Bazen yolda, sanki dünyadaki tek popo ondaymış gibi yürüyenlerinizi görüyorum.Anlıyorum o duruşu,hak da veriyorum bazen.Ama biraz daha açık olsanız da şu şikayet ettiğiniz Türk erkeği de ısınsa olaya!Türk erkeğinin cinsel açlığından bahsedip duruyorsunuz her fırsatta.Haklısınız o konuda.Ama bu erkekler yeterli cinsel temasta bulunamıyorlarsa suç biraz da sizde değil mi?

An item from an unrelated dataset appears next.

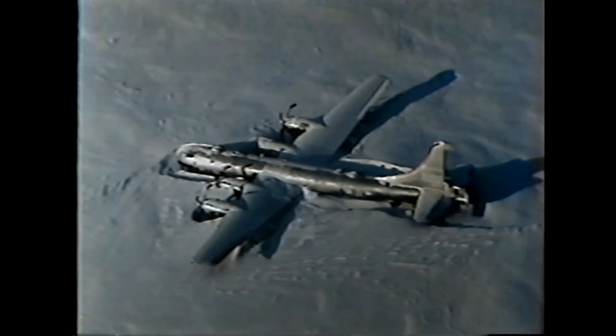Other than the bent propellers, the fort seems to be in fairly good condition, as seen from the air. And at last report, several different groups in the states are trying to raise the money needed to recover and restore the B-29.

Yani bu adamlar bu işi eşşekle yapmıyor ya!(Bazen onu da yapmak zorunda kalıyorlar.Ya Tao,nedir bu Türk erkeğinin çektiği) Yalnız daha da fenası, kadınlar duygusal olarak yeterli egzersiz yapamadıklarından,ileriki yaşlarda böyle sıkıcı ve tabir yerindeyse miskin ilişkilere sebep olmaları bence.Bir çoğu duygusal enkaz halinde ve bunu değiştirecek pek bir şey yaptıklarını sanmıyorum. Yani erkeklerini duygusal ve ruhsal olarak sınamadıkları için belki de erkekler gelişemiyor.Evrime inanmayan var mı aramızda? Geçenlerde ders çalışırken kahve almaya gittim.Masadaki herkese kahve aldım ama geldiğimde bazı arkadaşlar ayrılmıştı.Elimde 2 tane kahve kaldı. Aynı çalışma masasını paylaştığımız genç bayanlara "kahve içer misiniz?" diye sordum.Bir ahlak polisini aramadıkları kaldı.Bir bakış attılar,bir tribe girdiler ki...sonra da nikahımıza almak istemişiz de kabul etmiyorlarmış gibi "hayır" deyiverdiler. Yani diyeceğim,biz hala birbirimizle,rastgele biriyle,yolda tanışamıyorsak bu toplumdan ne bekliyoruz.Bırakın romantik ilişkileri(bu kategori anormal olan),normal ilişkileri nasıl yürüteceğiz.Birbirimizden korkarak,otobüste olabildiğinde uzak durarak,tanıştığımız yabancılara hep şüpheli yaklaşarak nereye kadar?!? Bazen otobüste mecburen(59R sabahları tıklım tıklım olduğundan) yakın temas seyahat etmek zorunda kalınca dikkat ediyorum,böyle güzeli çirkini,açığı kapalısı,genci yaşlısı gereksiz kapris yapıyor,uzağa uzağa kaçıyor.Yani ne yapayım,ben de sizin peçenizin altına girmeye çok meraklı değilim de tarihi Ikarus otobüsünün 260 kişilik "ayakta" kontenjanını ben doldurmuyorum herhalde.Ayrıca bazen "hanımefendi Buddha'dan korkun,bir aynaya bakın,sonra benden tiksinin" diyesim geliyor.Yani, paragrafa başladığım gibi,ne o çiftten bir tek sizde var,ne de onlar altından filan yani! Amerikalılar derler ya: Jesus f*** Christ!
Müthiş hasret içerisindeyim.Eski günlerimize dönsek,ya da geleceğe gitsek ne güzel olur.Lütfen ayağa kalkın,değişin,en azından dile getirin.Zira sükut ikrardandır.